**WORK ITEM**. Retype the listing below exactly, pictures removed.

━━ ENTRIES SHOWN

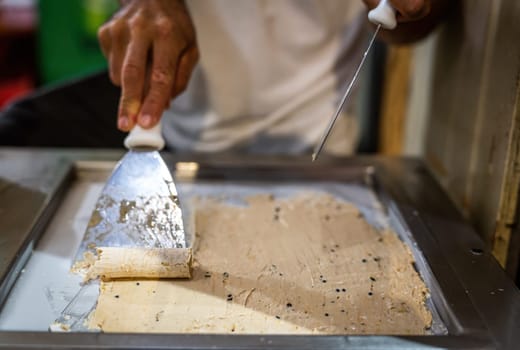 A man expertly creates fresh passion fruit ice cream on a metal plate, crafting beautiful spirals.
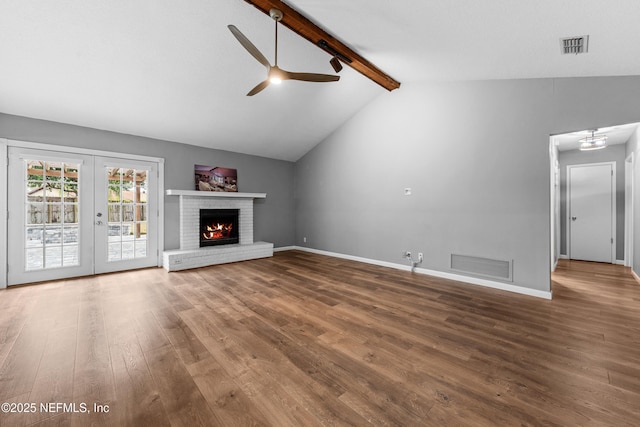 unfurnished living room with wood-type flooring, french doors, a fireplace, lofted ceiling with beams, and ceiling fan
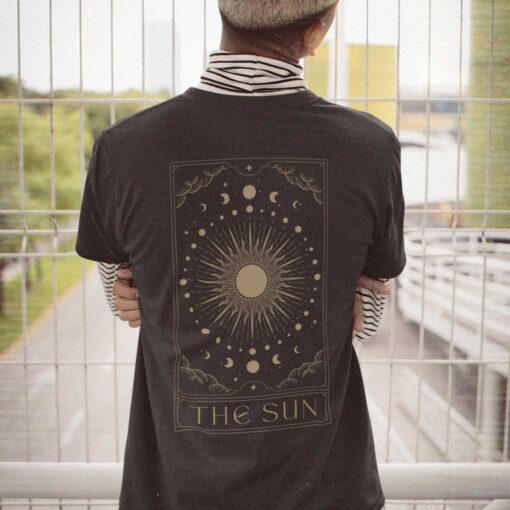 Das Bild zeigt einen Mann der das schwarze Tarot Card The Sun T-Shirt trägt. Es wird verwendet, um einen Eindruck zu vermitteln, wie der Rückendruck vom Produkt an einem Menschen aussieht.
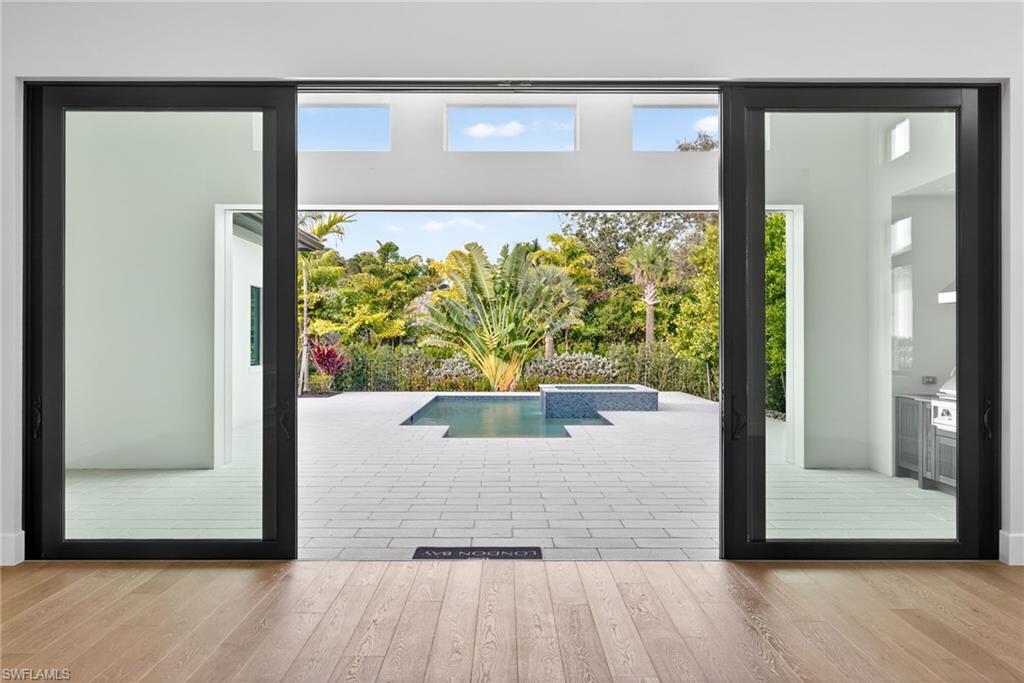 The open great room plan includes 10' tall sliding glass doors that lead to a covered area equipped with an outdoor kitchen, and fire table overlooking the picturesque open air resort style custom pool and spa.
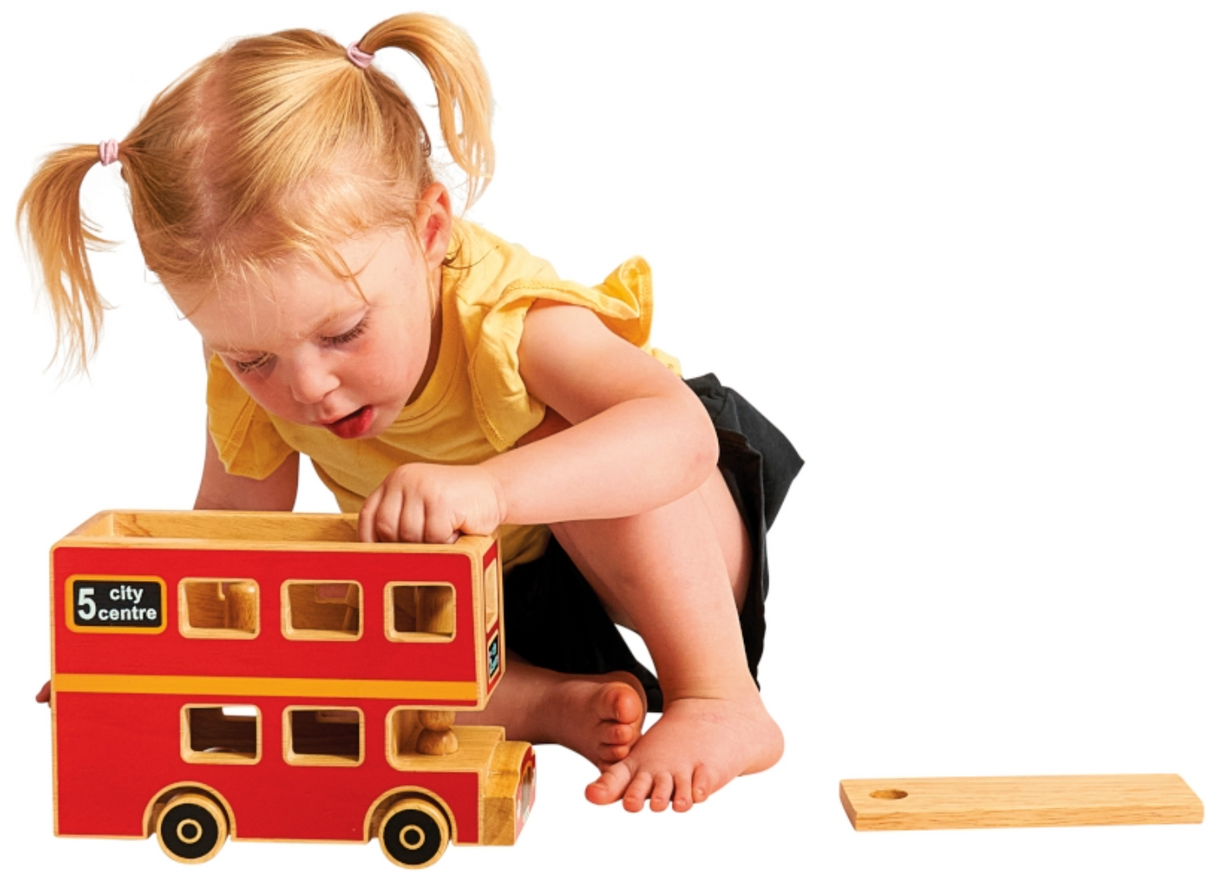 Child playing with a wooden toy bus on a white background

━━━━

**EXERCISE RESPONSE**.
 A man expertly creates fresh passion fruit ice cream on a metal plate, crafting beautiful spirals.
 unfurnished living room with wood-type flooring, french doors, a fireplace, lofted ceiling with beams, and ceiling fan
 Das Bild zeigt einen Mann der das schwarze Tarot Card The Sun T-Shirt trägt. Es wird verwendet, um einen Eindruck zu vermitteln, wie der Rückendruck vom Produkt an einem Menschen aussieht.
 The open great room plan includes 10' tall sliding glass doors that lead to a covered area equipped with an outdoor kitchen, and fire table overlooking the picturesque open air resort style custom pool and spa.
 Child playing with a wooden toy bus on a white background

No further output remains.